Familial hypocalciuric hypercalcemia (FHH) is an uncommon cause of hypercalcemia; however, it is important to consider and rule out in patients with suspected primary hyperparathyroidism (PHPT), ideally, before proceeding with surgery. Herein, we present a patient where this process identified a calcium-sensing receptor gene (CASR) sequence variant currently labeled as a variant of unknown significance (VUS), yet the patient’s family pedigree suggests that it is in fact a pathogenic CASR sequence variant.

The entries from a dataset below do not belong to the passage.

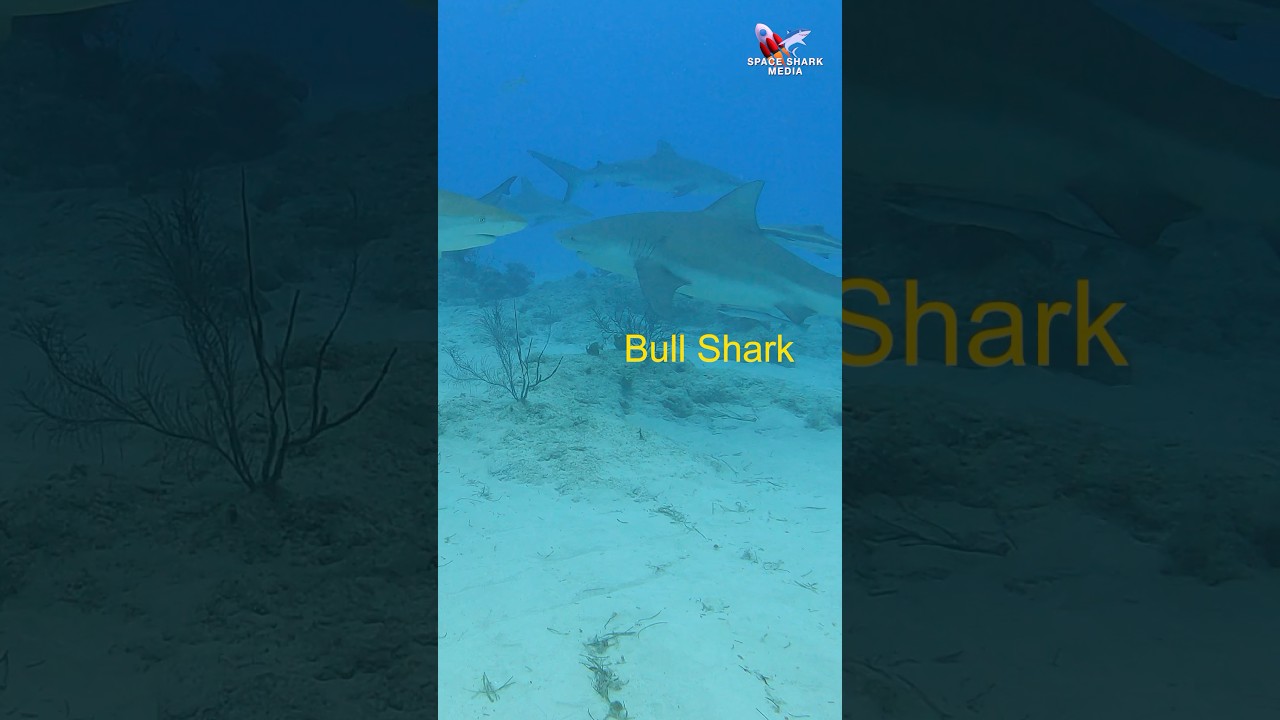 Bull Shark and Caribbean Reef Shark identification 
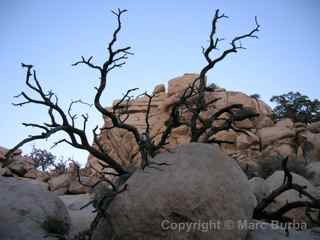 Joshua Tree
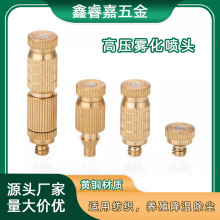 �߉��F������3/16�Bֳ�����I���س��m�Nֲ�����ӝ��F�^�S�~����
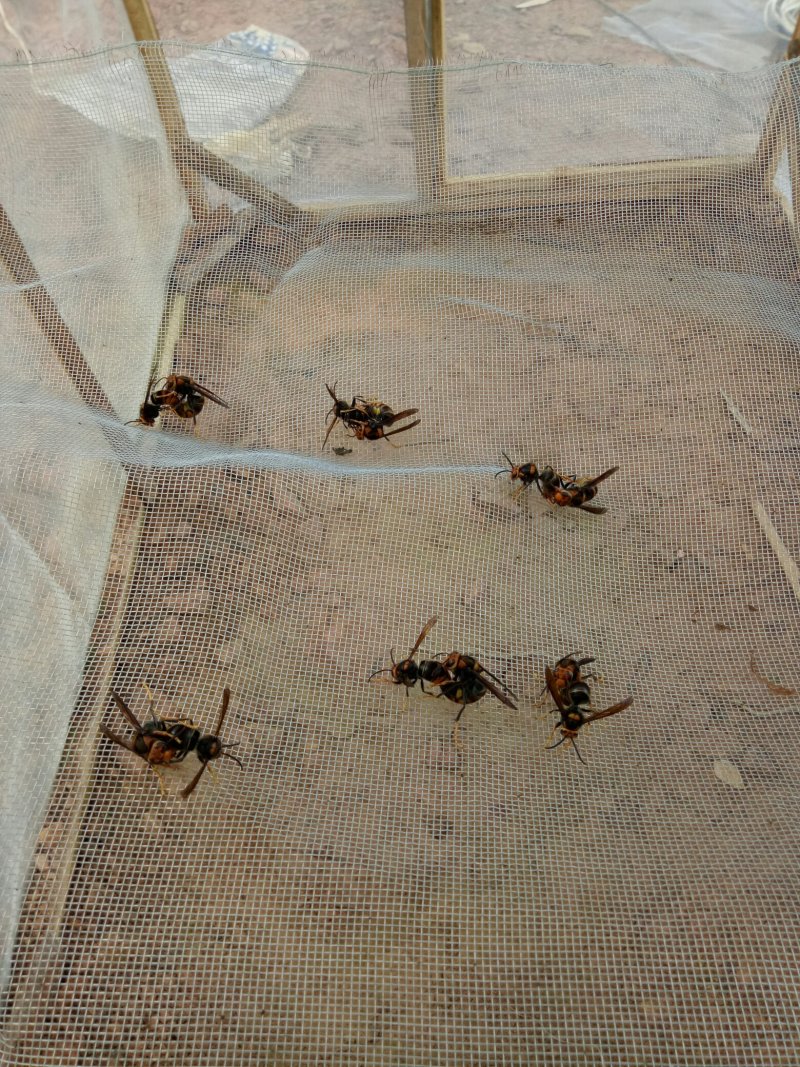 红娘蜂王，黄脚蜂王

A 35-year-old woman was referred to the Endocrine Surgery clinic for evaluation of “recurrent PHPT” and need for reoperative parathyroidectomy. Before referral, she was treated with subtotal parathyroidectomy for the presumed diagnosis of PHPT-related symptomatic hypercalcemia. Postoperatively, she had persistent symptoms. Upon referral, additional relevant information was elicited that suspected FHH instead of PHPT, including a family history of hypercalcemia with CASR VUS in multiple family members and hypocalciuria in the patient. She underwent genetic testing revealing a missense CASR VUS in exon 3 c.392C>A (p.Ala110Asp), the same as in her mother. Medical management instead of reoperation was advised for the diagnosis of FHH.

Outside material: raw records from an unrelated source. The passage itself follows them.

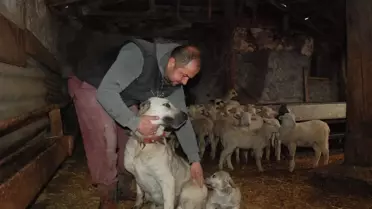 Çoban Köpeği 6 Kuzuyu Emziriyor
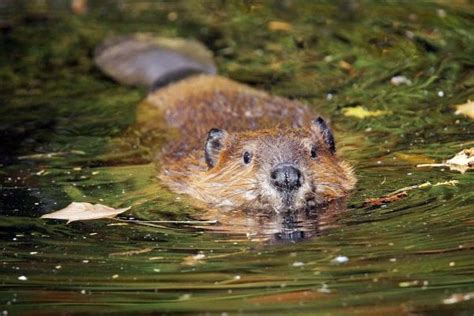Animals That Look Like Beavers 7 Beaver Lookalikes With Pictures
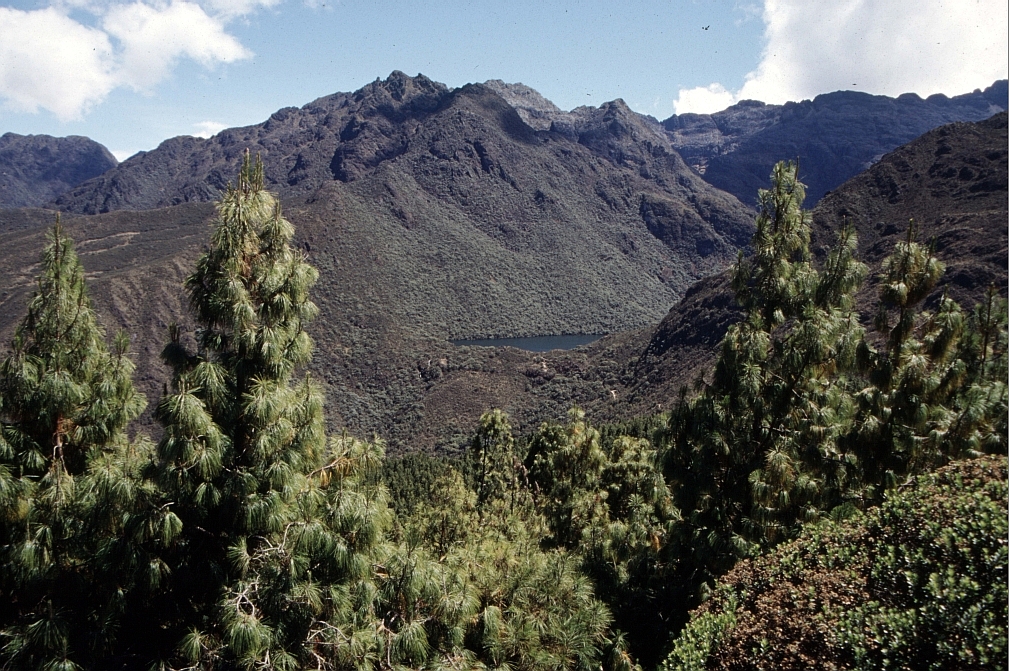 Noerdlich Merida - Venezuela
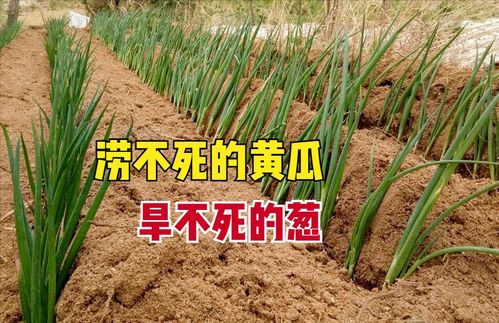 涝什么意思?近义词和反义词是什么?英文翻译是什么?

To our knowledge, this CASR sequence variation has not been previously reported in the literature. Reporting newly discovered sequence variations with the context of a family’s medical history is important because it allows for the recognition of new pathogenic variants. This expands the registry of already known sequence variations and their associated clinical pathology for future patients undergoing genetic testing.

This CASR variant represents a novel pathogenic sequence variation causing FHH.